Segment Open

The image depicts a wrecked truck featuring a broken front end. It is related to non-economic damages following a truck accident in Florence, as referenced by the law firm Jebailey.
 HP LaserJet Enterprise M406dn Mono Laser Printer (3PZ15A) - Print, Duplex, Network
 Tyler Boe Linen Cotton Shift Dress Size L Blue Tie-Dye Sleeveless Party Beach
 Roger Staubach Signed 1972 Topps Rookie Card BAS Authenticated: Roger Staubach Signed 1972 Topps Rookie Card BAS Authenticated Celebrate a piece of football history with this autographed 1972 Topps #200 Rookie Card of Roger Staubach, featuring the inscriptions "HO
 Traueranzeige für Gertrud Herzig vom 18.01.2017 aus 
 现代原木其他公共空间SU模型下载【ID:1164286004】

Segment Closed

» **Task**:
Only the lines from the one containing "Traueranzeige für Gertrud" through the end of the material belong in the answer, each restated word for word.

» **Solution below**:
 Traueranzeige für Gertrud Herzig vom 18.01.2017 aus 
 现代原木其他公共空间SU模型下载【ID:1164286004】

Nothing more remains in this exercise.